As we have indicated, it is impossible to determine with any degree of certainty the amount of fuel oil that was sold in Illinois or the amount that was sold in Missouri. This uncertainty was not caused by any action or inaction of plaintiff or its marketer but is the result of a moving delivery in an area where the State boundary cannot be readily identified with certainty. To hold that plaintiff must prove the amount sold in Missouri before it can claim any exemption would be to deny it all exemption, and yet it is certain that a part of the sales were exempt.
In our opinion this case is similar to Cohan v. Commissioner of Internal Revenue (2d cir.), 39 F.2d 540. In that case, George M. Cohan claimed expenditures of substantial sums for travel and entertainment but had no records to support his contentions. The Board of Tax Appeals refused to allow any part of the deductions claimed on the ground that it was impossible to tell how much he had in fact spent. In remanding the case, "to make some allowance for the expenses of travel and the like," the Court of Appeals, at page 543, said: "Absolute certainty in such matters is usually impossible and is not necessary; the Board should make as close an approximation as it can, bearing heavily if it chooses upon the taxpayer whose inexactitude is of his own making. But to allow nothing at all appears to us inconsistent with saying that something was spent. True, we do not know how many trips Cohan made, nor how large his entertainments were; yet there was obviously some basis for computation, if necessary by drawing upon the Board's personal estimates of the minimum of such expenses. The amount may be trivial and unsatisfactory, but there was basis for some allowance, and it was wrong to refuse any, even though it were the traveling expenses of a single trip. It is not fatal that the result will inevitably be speculative; many important decisions must be such."
This case is not one for the imposition of "Draconian Absolutes" (see Webb v. Commissioner of Internal Revenue (5th cir.), 394 F.2d 366, 373), and although the result may to some extent be speculative, the Department of Revenue, finding guidance in Cohan, can make a determination of the factual issue presented, and the case should be remanded for that purpose.
Plaintiff's final argument is that defendant is barred from assessing a tax deficiency for the period prior to January 31, 1963, because in May of 1963 it made an audit of plaintiff's records through January, 1963, and made an assessment which plaintiff paid. It contends that the legislative intent of section 4 of the Retailers' Occupation Tax Act (Ill. Rev. Stat. 1969, ch. 120, par. 443), which deals with the examination and correction of tax returns, is that defendant cannot again examine or correct a return after it has once done so.

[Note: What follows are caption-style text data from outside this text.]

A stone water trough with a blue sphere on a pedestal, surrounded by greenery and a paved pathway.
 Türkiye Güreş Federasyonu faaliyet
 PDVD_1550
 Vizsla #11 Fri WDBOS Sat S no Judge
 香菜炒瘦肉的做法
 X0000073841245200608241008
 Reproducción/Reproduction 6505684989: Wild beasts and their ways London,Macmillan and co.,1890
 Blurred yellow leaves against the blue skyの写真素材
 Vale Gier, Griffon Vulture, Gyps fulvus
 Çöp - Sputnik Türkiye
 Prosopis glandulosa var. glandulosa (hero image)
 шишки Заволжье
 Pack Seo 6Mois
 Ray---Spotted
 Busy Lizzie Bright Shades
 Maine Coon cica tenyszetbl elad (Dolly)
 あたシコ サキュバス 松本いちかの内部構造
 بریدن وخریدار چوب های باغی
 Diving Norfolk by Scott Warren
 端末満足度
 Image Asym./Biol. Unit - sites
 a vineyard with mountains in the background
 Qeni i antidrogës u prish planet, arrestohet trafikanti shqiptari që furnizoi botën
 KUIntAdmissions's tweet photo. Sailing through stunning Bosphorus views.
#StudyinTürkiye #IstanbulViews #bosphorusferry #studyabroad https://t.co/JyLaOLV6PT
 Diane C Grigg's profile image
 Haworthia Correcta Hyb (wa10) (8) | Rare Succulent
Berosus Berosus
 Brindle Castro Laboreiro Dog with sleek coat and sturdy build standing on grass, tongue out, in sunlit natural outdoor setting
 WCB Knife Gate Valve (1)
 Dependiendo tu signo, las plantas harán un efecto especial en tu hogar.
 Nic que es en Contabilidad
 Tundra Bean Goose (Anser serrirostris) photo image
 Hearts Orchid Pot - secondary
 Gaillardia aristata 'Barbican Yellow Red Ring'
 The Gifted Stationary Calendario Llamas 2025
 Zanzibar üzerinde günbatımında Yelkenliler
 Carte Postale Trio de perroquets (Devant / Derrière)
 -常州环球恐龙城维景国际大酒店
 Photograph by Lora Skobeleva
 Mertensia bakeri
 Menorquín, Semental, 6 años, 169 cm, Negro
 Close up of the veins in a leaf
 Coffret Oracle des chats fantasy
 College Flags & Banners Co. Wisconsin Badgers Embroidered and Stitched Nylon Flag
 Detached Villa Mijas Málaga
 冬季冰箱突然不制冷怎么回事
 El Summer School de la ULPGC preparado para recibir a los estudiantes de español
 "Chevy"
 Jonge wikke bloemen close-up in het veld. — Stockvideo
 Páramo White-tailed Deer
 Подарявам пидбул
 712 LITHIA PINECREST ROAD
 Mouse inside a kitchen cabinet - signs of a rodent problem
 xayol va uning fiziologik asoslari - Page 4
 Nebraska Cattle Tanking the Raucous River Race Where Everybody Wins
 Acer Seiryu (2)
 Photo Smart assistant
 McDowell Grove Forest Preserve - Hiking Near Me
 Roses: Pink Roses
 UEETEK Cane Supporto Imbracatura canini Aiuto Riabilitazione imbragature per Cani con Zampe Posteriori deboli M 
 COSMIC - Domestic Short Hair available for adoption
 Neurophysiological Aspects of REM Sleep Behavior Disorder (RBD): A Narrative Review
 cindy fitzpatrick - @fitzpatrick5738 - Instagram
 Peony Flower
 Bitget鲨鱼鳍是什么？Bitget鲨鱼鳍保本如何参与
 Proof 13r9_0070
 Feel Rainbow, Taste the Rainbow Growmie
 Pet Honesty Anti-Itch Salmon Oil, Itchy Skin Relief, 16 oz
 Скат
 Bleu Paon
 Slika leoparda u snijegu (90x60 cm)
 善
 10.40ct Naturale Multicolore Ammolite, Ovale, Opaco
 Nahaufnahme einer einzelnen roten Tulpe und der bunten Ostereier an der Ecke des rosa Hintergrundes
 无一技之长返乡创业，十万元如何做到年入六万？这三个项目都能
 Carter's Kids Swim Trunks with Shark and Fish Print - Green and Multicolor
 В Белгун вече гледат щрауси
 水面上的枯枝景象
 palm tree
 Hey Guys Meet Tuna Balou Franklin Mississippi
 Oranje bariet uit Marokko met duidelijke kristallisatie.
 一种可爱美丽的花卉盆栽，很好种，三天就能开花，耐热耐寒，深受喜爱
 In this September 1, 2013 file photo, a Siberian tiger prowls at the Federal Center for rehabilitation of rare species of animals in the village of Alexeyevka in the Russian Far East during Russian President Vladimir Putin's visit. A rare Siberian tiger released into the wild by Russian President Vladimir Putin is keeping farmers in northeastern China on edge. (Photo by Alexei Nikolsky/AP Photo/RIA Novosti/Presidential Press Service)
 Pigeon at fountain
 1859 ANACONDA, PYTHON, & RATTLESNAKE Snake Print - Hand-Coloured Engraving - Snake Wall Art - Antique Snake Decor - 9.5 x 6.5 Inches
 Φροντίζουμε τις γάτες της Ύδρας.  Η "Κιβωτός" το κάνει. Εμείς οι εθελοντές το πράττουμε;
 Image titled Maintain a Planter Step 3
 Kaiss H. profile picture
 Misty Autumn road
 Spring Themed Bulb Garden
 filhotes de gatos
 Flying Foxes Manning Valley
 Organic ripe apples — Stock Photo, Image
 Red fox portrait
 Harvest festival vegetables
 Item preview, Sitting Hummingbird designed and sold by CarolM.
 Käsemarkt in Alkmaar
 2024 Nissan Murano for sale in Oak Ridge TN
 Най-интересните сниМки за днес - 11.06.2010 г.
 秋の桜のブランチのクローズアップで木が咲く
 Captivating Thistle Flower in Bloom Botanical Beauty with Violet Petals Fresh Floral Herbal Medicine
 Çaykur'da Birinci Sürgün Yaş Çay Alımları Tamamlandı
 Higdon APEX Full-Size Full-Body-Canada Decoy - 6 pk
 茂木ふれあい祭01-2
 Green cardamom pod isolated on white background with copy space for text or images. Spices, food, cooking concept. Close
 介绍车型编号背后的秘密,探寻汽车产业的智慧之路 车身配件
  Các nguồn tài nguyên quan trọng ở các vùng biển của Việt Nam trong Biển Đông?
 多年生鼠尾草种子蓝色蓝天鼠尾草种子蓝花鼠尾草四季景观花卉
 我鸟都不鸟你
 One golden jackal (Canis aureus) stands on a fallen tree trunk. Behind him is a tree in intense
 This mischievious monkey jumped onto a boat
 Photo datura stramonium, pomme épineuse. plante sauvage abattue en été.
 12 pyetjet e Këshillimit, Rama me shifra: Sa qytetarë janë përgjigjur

We do not reach this question because it was plaintiff who initially sought to correct its tax returns covering the period prior to January 31, 1963, by filing a claim for refund.
The judgment of the circuit court of Cook County is reversed and the cause is remanded, with directions to vacate the judgment and remand the cause for further proceedings not inconsistent with this opinion.
Reversed and remanded, with directions.